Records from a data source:
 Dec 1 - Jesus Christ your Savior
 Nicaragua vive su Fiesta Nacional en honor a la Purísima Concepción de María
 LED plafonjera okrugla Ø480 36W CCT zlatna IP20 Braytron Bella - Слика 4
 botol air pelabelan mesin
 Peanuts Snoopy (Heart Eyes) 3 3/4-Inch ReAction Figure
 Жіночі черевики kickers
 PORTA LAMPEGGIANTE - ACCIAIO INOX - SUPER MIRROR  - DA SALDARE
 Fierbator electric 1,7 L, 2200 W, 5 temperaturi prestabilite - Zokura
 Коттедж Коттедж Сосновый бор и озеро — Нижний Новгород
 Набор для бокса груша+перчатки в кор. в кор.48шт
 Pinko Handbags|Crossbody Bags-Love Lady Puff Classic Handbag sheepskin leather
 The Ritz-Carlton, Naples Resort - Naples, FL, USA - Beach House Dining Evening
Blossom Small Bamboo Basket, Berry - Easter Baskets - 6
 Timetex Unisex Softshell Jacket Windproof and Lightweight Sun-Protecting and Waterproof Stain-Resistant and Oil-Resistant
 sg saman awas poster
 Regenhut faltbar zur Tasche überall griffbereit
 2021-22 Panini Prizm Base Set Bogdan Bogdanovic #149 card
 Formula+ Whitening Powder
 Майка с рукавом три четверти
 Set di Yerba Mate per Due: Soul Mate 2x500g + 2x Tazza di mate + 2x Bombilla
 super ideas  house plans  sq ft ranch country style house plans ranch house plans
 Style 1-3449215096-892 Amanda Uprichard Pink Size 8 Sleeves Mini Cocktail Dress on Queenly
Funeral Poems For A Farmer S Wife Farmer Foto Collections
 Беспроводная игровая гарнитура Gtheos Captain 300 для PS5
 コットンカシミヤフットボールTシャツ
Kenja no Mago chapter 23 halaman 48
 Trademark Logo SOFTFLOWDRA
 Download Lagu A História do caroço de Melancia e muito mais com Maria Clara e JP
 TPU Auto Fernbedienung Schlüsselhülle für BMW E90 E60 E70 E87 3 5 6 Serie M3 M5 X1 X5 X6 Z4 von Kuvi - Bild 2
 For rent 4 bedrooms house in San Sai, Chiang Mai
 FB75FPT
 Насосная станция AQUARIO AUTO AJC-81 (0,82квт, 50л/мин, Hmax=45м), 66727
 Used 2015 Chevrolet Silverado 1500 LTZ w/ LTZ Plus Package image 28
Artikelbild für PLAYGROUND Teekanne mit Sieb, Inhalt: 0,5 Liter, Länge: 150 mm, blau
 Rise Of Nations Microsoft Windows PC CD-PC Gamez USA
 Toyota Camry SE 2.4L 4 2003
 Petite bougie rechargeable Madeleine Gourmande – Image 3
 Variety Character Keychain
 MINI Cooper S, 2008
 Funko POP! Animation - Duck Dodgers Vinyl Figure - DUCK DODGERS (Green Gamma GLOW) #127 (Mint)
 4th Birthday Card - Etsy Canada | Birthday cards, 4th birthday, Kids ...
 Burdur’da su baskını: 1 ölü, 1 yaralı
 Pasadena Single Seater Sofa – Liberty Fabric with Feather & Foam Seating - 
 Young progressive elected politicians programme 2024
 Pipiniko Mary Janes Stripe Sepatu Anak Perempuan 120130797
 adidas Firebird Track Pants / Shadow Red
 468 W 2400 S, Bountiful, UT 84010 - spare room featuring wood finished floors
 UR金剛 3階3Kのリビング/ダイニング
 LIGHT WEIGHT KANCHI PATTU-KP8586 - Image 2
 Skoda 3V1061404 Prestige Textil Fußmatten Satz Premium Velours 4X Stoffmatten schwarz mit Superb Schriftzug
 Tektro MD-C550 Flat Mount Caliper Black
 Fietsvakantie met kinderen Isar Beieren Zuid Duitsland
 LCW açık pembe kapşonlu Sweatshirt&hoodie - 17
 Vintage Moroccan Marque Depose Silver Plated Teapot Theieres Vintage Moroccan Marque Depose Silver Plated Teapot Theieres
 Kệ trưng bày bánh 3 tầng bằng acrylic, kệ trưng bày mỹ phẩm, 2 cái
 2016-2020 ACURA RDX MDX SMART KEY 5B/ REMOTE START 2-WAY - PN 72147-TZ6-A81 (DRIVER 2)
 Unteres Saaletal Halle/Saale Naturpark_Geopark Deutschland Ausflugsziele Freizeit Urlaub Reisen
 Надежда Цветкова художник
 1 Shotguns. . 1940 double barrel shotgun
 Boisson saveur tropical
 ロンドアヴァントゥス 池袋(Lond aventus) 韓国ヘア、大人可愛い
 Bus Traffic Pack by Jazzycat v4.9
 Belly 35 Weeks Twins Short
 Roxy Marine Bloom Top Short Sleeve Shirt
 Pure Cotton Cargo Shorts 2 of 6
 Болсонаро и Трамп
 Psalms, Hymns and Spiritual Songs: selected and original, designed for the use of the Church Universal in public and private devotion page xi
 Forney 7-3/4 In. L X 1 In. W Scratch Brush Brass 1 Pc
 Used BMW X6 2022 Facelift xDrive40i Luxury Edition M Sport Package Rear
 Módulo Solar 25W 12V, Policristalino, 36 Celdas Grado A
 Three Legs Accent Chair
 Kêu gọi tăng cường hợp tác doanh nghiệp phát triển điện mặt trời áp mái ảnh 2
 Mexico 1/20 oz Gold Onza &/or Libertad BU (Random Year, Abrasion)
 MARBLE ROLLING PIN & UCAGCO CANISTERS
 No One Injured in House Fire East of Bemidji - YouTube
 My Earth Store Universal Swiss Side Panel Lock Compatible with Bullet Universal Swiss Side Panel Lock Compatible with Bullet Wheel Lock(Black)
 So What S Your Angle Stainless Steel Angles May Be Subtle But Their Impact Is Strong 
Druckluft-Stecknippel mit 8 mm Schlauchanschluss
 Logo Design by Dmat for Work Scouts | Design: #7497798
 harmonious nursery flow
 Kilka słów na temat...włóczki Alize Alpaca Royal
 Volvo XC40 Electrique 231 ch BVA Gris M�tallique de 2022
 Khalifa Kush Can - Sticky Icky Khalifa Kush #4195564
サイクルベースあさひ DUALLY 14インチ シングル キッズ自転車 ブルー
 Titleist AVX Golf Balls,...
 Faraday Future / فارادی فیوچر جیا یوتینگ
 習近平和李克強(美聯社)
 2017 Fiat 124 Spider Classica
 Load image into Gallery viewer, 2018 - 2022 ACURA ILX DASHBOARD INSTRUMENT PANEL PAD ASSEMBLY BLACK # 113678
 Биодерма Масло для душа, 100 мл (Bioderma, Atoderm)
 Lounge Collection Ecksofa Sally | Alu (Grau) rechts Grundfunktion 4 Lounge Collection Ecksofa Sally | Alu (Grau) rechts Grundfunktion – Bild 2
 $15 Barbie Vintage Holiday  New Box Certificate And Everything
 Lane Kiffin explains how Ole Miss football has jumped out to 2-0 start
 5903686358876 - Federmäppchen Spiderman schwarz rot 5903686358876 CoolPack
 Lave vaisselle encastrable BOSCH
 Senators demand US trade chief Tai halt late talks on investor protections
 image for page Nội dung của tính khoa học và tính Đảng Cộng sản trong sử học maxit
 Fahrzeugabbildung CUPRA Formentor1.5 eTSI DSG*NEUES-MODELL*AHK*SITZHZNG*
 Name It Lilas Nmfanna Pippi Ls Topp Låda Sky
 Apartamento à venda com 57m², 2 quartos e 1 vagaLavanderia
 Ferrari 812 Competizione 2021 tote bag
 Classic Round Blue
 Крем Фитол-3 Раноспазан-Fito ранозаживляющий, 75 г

* Work task:
Check every line of the records, and copy the ones that hold the word "with".

* The answer:
 Pasadena Single Seater Sofa – Liberty Fabric with Feather & Foam Seating - 
 My Earth Store Universal Swiss Side Panel Lock Compatible with Bullet Universal Swiss Side Panel Lock Compatible with Bullet Wheel Lock(Black)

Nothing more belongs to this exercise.